Here we applied the `shapiro.test()`

function to each variable in the data frame by hand. If we wanted to be a little more sophisticated, we could do this in one step, by using the `sapply()`

function in R. The `sapply()`

function takes data (usually a list or a vector, but a data frame will work too, as it will be considered as a list of variables) and a function, and applies the function to each element of the input:

`sapply(a01data, shapiro.test)`

```
## Sec1 Sec2
## statistic 0.9800611 0.9774234
## p.value 0.5545437 0.4491483
## method "Shapiro-Wilk normality test" "Shapiro-Wilk normality test"
## data.name "X[[i]]" "X[[i]]"
```

Note that we can pass the `sapply()`

function any legal R function and it will apply it to each variable, for example `mean()`

:

`sapply(a01data, mean)`

```
## Sec1 Sec2
## 78.88 75.34
```

Data munging refers to the need, sometimes, to rearrange data into a different form. To test the homogeneity of variance assumption of the t-test, we will use the `bartlett.test()`

function in R, but this requires the data to be in a slightly different format than how it appears in the data frame above.
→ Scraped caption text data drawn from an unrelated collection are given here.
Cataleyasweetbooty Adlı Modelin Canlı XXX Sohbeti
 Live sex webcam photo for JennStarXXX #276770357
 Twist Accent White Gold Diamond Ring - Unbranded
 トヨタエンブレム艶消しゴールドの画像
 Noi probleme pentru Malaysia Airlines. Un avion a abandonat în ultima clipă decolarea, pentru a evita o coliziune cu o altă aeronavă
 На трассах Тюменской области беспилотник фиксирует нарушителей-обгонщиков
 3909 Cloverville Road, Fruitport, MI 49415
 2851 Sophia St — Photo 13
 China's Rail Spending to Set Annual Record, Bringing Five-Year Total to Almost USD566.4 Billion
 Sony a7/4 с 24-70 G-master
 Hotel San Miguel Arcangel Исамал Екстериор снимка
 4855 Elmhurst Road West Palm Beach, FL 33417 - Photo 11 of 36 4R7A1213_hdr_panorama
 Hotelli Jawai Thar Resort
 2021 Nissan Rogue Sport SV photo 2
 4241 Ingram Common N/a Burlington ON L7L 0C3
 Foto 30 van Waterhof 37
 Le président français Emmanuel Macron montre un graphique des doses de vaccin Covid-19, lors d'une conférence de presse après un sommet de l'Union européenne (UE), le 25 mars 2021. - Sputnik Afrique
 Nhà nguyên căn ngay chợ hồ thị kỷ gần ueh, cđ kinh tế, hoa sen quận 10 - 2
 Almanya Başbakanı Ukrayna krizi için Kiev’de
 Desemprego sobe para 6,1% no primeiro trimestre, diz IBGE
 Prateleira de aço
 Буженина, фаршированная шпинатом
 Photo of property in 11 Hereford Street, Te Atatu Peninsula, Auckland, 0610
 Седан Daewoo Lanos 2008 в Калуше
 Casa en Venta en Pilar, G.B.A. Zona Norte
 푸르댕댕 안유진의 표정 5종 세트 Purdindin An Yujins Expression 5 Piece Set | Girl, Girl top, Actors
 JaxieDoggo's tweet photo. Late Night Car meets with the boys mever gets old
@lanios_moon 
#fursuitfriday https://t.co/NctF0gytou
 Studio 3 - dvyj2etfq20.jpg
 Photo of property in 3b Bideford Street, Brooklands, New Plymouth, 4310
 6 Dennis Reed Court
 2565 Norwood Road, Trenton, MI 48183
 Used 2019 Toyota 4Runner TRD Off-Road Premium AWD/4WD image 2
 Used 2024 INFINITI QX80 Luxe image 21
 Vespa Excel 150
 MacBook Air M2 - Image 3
Backing up a bit, what is the homogeneity of variance assumption of a t-test? It’s the assumption that the samples we have were drawn from populations that have the same variance. The means can be different (this is what the t-test is interested in testing) but the variances are assumed to be the same.

If we get the help on the `bartlett.test()`

function:

`?bartlett.test`

we see that the first two arguments, `x`

and `g`

, are supposed to be a vector of data values, and a vector of grouping variables. What we have presently in our `a01data`

data frame is not this … what we have is two lists of data. What we need is one vector of all data values (100 elements long) and a second vector indicating which group each data point in the first vector belongs to. Here’s how we could do this:

`alldata <- c(a01data$Sec1, a01data$Sec2)`

Here we’ve created a new variable called `alldata`

that we’ve constructed using the `c()`

function in R, which combines elements. We can see that it’s 100 elements long:

`length(alldata)`

`## [1] 100`

Now we can create the grouping variable:

`group <- c(rep("I",50), rep("II",50))`

We’ve used the `c()`

function again to combine elements, but this time we’re combining two 50-element vectors, each of which is constructed using the `rep()`

function. The `rep()`

function repeats an item a certain number of times. In this case we’re repeating the string “I” 50 times, and the string “II” 50 times. We can see we end up with a 100-element vector:

`length(group)`

`## [1] 100`

Now presently the `group`

variable is a character string. We can see this in the Environment window in the top-right of the RStudio GUI, or we can use the R function `typeof()`

to directly query the type:

`typeof(group)`

`## [1] "character"`

Instead of using a vector of characters, we should take advantage of R’s special data type called `factor`

. What we really want to encode in our `group`

variable is that we are dealing with a factor called group, that has two levels: I and II. We can use the `factor()`

function in R to transform our vector of character strings into a factor:

`group <- factor(group)`

and we can see now that it’s type `factor`

:

`head(group)`

```
## [1] I I I I I I
## Levels: I II
```

`summary(group)`

```
## I II
## 50 50
```

`typeof(group)`

`## [1] "integer"`

Now we’re in a position to use the `bartlett.test()`

using our newly created variables:

`bartlett.test(x=alldata, g=group)`

```
##
## Bartlett test of homogeneity of variances
##
## data: alldata and group
## Bartlett's K-squared = 0.41612, df = 1, p-value = 0.5189
```

and we see that the p-value is far above any reasonable alpha level (e.g. 0.05 or 0.01). This means we fail to reject the null hypothesis that the two samples were drawn from populations with the same variance. In other words we don’t have the statistical evidence to say that the homogeneity of variance assumption was violated. In other words, we’re OK to use the standard t-test.